五感を全開にしてへばりつく旅行者だからこそ分かる、生活者が気づかない「本質」がそれぞれの土地にあると思います。いつまでも新鮮なまま、私たちの記憶に残る旅行記があるとすれば、そうした「本質」をとらえて書かれたものではないでしょうか。しかし私自身を含め、現在、これを書ける人はなかなかいません。だから、50年後の読者が、「あ、私が旅しているのは、この本のこの場所だ」と思っていただけるような紀行文が書けたらいいなと思っています。

市場のにおいがカルチャーショックに


中西 裕二(左)村上 和夫(右)

寺田郁さん(左)ラナワカ・チャトウシカさん(右)

寺田 ではここから、トークセッションに移りたいと思います。

村上 旅をした人が感じた旅のエッセンスをうまく引き出すのはかなり難しいと私自身実感しているのですが、角田先生のおっしゃる「本質」について、先生はどういう時に感じられるのですか。

角田 楽しい経験、孤独な経験、悲惨な体験からとさまざまで、法則はありません。例えばメキシコでは、あるレストランで、おばちゃんたちが大声で話をし、男性たちがテレビのサッカー中継を見ながら大声で応援する騒がしい店内で、さらに、キーボードを持った人がロックを演奏し始め、外の広場では出し物に集まった人々がざわめく。その時、「メキシコって、こうなんだ」と感じたんです。誰も他人に関心を持っていない。だからそれぞれが自分たちのやりたいことを人目を気にせず同時進行できるんだって。政治でも暮らしでも多分同じで、これがその場所の「本質」なんだと理解したんです。もちろん、それは錯覚かもしれませんが。

中西 文化人類学のフィールドワークも、五感を開放して感じながら、文化の核をわしづかみにするようにしないと、異文化に暮らす人々についてうまく記述することはできません。

チャトウシカ タイで受けたカルチャーショックとはどのようなものでしたか。

角田 においですね。バンコクの市場で、切り分けられた肉から滴って、溜まった血のにおいや、腐りかけた食べ物のにおいに驚きました。高度成長期の日本で育った私は、そうしたにおいを嗅いだことがなかったからです。
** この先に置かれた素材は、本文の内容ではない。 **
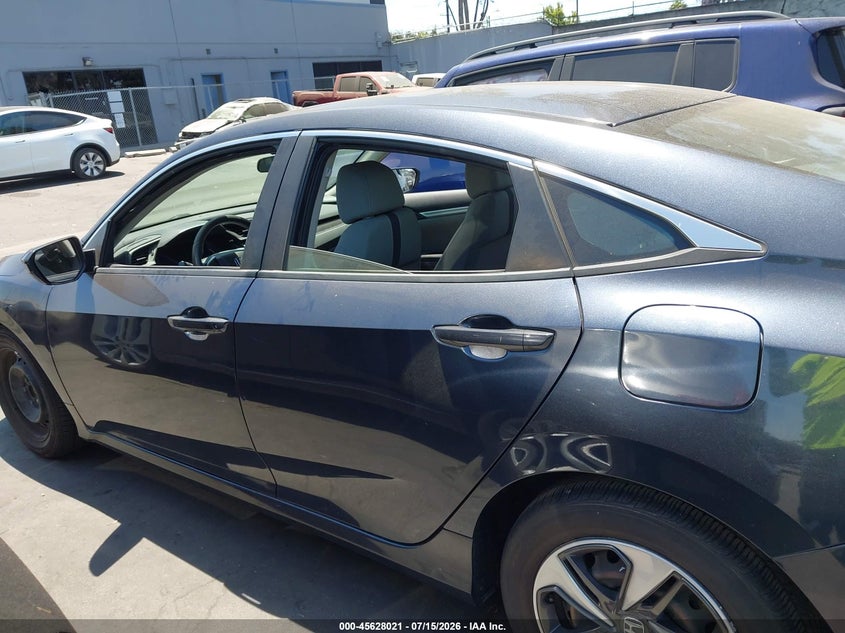 2020 HONDA CIVIC SEDAN 2.0L I-4 DOHC, VVT, 158HP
その時、私たちの国では、こうした場面を懸命に隠すようになっていたと気づきました。でも、そこには当たり前のようにあった。生きるってこういうことなのだと、生きることの「本質」を垣間見た気がしました。

寺田 スリランカでの思い出はありますか。

角田 スリーパーダという聖地があって、巡礼の季節に山に登りました。

チャトウシカ スリランカは多民族の国なので、仏教徒だけではなく、イスラム教徒もキリスト教徒も、スリーパーダを自分たちの聖地だと思っているところが面白いですよね。
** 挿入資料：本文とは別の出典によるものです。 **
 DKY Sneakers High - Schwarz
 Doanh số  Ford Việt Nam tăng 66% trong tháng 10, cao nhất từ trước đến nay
角田 巡礼の旅は、目的地がはっきりしているので終わりがあります。ところが、ただ何かが見たいと思って出かけるバックパッカーの旅は、最終目的地がないため、いつ終わるんだろうと、その時考えました。

村上 旅の終え時。難しい問題ですよね。旅の記憶を小説化することで、時間を超越した無限の旅はできるかもしれません。
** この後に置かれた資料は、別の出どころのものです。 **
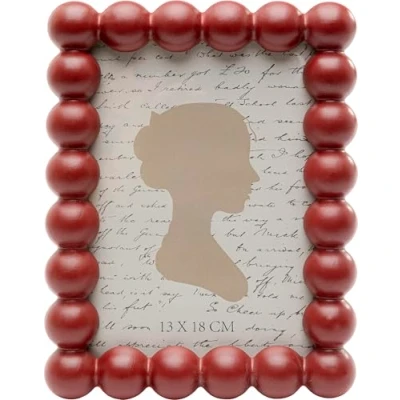 Afbeelding van Fotolistj Balls 16x21cm rood Kare Design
寺田 私も一人旅をするようになって、誰かに伝えたいと思うことによく出会うのですが、素人でもそれをうまく伝えられる方法はありますか? 

角田 今はプロの方が難しいかもしれません。70年代の作家やジャーナリストには、普通の人が行けない場所に代わりに行って、その体験を伝えるという役目がありました。でも今は、誰もがどこへでも行ける時代。なおかつ、インターネットのおかげで、普通の人が自分で発信する手段を得ました。例えばブログは、旅先でこまめに更新していけば、誰が書いても面白いものになります。

こんな時代に、物書きが旅について書く意味はどこにあるのだろうと考えてしまいます。5年くらいは書かずに、発酵させるといったことを考えないといけないのかもしれません。

村上 先生の小説には、行った先の情景に一つひとつ物語があって感動します。どうやって場面設定を考えるんですか。

角田 小説に使うことを目的に、旅したことはありません。例えば『エコノミカル・パレス』では、書き直しの段階で、旅の場面を入れようと思いつき、主人公たちが、青春の終わらせ方が見えずに悩む所とダブらせて、スリランカの巡礼の旅をもってきました。

村上 私たちは写真を頼りに旅の記憶をよみがえらせることがありますが、先生の場合はいかがですか。

角田 私は言葉の人間なので、そのときに記録したメモやお小遣い帳を見たときに光景がよみがえることが多いです。